“The Lessons of History” by Will and Ariel Durant

Nature smiles at the union of freedom and equality in our utopias. For freedom and equality are sworn and everlasting enemies, and when on prevails the other dies. Leave men free, and their natural inequalities will multiply almost geometrically. To check the growth of inequality, liberty must be sacrificed, as in Russia after 1917. Even when repressed, inequality grows; only the man who is below the average in economic ability desires equality; those who are conscious of superior ability desire freedom; and in the end superior ability has its way.


So the conservative who resists change is as valuable as the radical who proposes it – perhaps as much more valuable as roots are more vital than the grafts. It is good that new ideas should be heard, for the sake of the few that can be used; but it is also good that new ideas should be compelled to go through the mill of objection, opposition, and contumely; this is the trial heat which innovations must survive before being allowed to enter the human race. It is good that the old should resist the young, and that the young should prod the old; out of this tension, as out of the strife of the sexes and the classes, comes a creative tensile strength, a stimulated development, a secret and basic unity and movement of the whole.


Year by year the role of Western governments in the economy rises, the share of the private sector declines. Capitalism retains the stimulus of private property, free enterprise, and competition, and produces a rich supply of goods; high taxation, falling heavily upon the upper classes, enables the government to provide for a self-limited population unprecedented services in education, health, and recreation. The fear of capitalism has compelled socialism to widen freedom, and the fear of socialism has compelled capitalism to increase equality.

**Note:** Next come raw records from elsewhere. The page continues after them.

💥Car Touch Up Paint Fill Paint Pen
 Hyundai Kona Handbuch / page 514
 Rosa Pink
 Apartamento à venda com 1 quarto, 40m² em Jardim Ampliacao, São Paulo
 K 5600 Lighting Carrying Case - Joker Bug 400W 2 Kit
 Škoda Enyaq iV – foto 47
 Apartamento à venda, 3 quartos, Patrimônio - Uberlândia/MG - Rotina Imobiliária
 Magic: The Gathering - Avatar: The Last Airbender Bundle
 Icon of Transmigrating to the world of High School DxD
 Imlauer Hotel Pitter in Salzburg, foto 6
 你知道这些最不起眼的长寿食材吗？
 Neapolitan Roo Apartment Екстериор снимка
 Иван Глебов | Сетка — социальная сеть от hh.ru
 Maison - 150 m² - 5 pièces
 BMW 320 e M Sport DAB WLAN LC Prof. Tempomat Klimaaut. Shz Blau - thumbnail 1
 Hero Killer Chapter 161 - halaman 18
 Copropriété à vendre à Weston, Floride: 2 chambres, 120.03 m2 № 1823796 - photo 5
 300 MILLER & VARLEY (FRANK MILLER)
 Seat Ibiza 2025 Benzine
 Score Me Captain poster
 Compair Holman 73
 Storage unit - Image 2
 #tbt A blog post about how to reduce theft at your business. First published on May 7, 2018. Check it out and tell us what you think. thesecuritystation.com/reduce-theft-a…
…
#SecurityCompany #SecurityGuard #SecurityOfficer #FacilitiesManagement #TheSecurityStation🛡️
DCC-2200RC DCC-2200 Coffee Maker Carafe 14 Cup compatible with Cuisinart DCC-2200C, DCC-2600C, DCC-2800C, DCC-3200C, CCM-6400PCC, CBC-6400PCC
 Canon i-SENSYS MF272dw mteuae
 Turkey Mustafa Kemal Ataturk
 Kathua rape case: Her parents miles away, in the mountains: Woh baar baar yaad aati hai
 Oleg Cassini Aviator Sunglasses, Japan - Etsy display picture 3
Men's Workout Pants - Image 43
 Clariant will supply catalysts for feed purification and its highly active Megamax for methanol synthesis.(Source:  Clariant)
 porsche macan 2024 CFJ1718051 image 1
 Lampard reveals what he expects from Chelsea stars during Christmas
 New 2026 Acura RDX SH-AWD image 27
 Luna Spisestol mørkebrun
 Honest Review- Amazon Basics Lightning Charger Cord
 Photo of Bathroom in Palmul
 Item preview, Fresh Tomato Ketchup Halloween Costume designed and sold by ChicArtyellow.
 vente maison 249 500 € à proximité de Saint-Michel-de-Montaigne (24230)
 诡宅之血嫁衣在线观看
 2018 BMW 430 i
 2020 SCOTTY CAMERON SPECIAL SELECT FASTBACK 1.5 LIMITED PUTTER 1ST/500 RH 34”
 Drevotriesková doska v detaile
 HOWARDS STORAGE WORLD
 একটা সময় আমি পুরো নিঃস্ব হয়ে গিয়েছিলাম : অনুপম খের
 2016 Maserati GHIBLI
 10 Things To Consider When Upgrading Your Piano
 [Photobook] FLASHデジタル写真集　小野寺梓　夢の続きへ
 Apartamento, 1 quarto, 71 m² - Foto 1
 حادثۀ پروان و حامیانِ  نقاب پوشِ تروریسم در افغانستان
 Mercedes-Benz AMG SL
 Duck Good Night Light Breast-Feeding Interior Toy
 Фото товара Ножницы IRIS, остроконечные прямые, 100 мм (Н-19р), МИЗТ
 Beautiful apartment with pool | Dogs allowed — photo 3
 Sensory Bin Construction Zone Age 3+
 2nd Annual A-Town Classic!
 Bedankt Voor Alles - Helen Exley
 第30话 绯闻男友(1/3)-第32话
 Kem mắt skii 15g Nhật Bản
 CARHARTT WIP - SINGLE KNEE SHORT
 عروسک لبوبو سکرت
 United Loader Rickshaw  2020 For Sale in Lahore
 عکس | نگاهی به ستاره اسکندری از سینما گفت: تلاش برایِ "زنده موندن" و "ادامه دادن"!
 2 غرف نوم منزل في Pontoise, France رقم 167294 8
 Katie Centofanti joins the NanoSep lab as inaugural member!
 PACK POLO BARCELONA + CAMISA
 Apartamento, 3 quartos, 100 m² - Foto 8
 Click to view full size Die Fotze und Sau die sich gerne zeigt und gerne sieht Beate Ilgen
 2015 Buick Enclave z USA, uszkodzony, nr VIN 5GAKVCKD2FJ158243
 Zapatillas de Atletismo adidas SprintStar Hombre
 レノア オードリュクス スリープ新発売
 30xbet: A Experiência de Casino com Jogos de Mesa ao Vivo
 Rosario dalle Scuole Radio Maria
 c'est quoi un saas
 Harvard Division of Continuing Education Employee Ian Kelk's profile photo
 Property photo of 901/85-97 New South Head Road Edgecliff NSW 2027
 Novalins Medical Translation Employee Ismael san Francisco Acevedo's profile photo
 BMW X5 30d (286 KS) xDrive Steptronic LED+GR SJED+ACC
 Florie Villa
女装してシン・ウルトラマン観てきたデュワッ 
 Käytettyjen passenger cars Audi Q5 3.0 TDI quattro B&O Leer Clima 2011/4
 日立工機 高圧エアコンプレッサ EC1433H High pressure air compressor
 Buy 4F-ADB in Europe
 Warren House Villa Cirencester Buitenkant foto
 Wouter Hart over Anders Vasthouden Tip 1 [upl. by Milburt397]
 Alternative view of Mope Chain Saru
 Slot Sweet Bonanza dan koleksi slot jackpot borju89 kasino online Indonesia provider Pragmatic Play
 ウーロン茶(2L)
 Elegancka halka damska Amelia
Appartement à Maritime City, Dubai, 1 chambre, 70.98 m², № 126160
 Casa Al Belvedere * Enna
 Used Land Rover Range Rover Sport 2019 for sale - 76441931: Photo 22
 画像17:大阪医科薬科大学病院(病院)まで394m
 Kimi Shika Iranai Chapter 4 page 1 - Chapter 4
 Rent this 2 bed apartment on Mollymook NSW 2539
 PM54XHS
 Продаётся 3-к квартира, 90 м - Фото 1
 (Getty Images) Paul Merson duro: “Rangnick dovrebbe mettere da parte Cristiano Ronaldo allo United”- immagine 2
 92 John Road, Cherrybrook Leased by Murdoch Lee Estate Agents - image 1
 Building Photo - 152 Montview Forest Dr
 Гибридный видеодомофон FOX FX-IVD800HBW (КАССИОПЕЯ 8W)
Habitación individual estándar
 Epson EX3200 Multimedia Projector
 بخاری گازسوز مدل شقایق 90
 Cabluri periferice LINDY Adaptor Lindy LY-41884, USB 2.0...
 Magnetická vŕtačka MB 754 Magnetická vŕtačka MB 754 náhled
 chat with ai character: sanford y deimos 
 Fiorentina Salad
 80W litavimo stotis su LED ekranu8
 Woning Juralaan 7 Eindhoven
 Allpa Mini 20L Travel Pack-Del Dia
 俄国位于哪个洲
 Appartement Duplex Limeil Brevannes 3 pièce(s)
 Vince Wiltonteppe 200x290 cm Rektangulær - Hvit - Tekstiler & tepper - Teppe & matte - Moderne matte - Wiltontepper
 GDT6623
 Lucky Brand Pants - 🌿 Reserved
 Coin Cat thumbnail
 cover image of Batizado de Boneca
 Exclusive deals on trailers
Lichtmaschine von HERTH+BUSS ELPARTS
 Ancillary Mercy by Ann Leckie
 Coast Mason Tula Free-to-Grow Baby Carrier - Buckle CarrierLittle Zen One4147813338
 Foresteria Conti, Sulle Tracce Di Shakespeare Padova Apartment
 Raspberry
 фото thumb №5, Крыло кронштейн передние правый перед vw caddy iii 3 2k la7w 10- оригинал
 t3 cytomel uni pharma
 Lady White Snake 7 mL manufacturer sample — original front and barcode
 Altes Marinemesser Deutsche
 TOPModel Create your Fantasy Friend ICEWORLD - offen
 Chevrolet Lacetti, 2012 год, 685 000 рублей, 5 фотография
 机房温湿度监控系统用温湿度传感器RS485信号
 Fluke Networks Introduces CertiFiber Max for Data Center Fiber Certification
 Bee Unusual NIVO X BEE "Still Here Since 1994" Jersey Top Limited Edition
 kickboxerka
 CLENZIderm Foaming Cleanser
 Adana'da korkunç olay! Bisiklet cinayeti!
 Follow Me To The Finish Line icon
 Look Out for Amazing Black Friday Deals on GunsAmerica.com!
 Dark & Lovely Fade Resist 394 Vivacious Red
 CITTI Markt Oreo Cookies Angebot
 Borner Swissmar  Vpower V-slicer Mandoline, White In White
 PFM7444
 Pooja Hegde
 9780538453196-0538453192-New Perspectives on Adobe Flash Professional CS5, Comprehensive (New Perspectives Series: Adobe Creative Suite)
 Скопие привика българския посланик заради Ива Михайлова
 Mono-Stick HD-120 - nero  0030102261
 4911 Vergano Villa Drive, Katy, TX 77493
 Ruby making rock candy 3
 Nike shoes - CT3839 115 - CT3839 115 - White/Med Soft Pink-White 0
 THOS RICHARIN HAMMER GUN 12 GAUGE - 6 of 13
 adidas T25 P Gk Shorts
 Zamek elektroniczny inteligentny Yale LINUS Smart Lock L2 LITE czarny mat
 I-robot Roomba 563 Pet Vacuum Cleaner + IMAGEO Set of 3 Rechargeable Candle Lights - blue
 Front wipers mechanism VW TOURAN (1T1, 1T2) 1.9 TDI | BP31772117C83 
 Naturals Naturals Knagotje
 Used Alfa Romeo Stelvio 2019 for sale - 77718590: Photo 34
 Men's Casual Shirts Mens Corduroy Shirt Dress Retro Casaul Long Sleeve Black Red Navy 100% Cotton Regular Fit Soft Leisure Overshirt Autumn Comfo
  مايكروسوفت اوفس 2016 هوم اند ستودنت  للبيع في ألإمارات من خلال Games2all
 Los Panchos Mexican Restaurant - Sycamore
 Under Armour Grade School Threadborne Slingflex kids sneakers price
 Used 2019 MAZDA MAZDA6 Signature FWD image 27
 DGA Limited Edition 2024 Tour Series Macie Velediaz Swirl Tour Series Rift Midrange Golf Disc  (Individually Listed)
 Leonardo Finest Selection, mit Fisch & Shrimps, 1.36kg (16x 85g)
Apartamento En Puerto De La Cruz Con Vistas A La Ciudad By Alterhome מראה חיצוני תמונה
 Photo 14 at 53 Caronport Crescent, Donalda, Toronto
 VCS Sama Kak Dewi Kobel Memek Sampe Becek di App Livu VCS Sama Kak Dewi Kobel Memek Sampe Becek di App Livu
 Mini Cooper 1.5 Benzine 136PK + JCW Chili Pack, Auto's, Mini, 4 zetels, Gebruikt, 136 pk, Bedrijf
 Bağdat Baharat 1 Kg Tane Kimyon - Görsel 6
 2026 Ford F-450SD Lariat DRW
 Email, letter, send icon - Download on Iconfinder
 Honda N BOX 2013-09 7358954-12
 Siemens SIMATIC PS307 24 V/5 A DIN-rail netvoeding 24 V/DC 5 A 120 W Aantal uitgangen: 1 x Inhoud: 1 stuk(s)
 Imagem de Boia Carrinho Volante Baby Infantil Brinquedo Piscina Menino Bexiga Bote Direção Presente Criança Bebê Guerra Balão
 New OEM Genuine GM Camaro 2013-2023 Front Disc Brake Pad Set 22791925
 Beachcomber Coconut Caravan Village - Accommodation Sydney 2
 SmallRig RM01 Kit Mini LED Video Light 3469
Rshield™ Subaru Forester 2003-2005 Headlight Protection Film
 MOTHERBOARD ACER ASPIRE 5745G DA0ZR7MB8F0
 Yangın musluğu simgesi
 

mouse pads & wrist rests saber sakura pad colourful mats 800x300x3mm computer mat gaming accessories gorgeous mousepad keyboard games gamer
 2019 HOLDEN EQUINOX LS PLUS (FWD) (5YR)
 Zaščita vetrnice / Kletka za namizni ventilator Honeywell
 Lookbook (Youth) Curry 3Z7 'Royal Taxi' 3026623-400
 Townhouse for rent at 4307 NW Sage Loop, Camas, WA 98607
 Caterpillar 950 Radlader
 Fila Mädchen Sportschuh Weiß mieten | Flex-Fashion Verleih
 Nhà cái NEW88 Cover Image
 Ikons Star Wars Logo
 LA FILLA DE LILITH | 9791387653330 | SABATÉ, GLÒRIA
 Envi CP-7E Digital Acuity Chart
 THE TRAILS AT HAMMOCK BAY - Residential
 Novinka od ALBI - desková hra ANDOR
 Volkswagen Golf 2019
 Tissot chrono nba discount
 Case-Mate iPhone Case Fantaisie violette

As the sanity of the individual lies in the continuity of his memories, so the sanity of a group lies in the continuity of its tradition; in either case, a break in the chain invites a neurotic reaction.


That though men cannot be equal, their access to education and opportunity can be made more nearly equal … A right is not a gift of God or nature but a privilege which it is good for the group that individuals should have.


It is pitiful (says the general) that so many young men die in battle, but more of them die in automobile accidents than in way, and man of them riot and rot for lack of discipline; they need an outlet for their combativeness, their adventurousness, their weariness with prosaic routine; if they must die sooner or later why not let them die for their country in the anesthesia of battle and the aura of glory.


Our capacity for fretting is endless, and no matter how many difficulties we surmount, how many ideals we realize, we shall always find an excuse for being magnificently miserable; there is a stealthy pleasure in rejecting mankind or the universe as unworthy of our approval.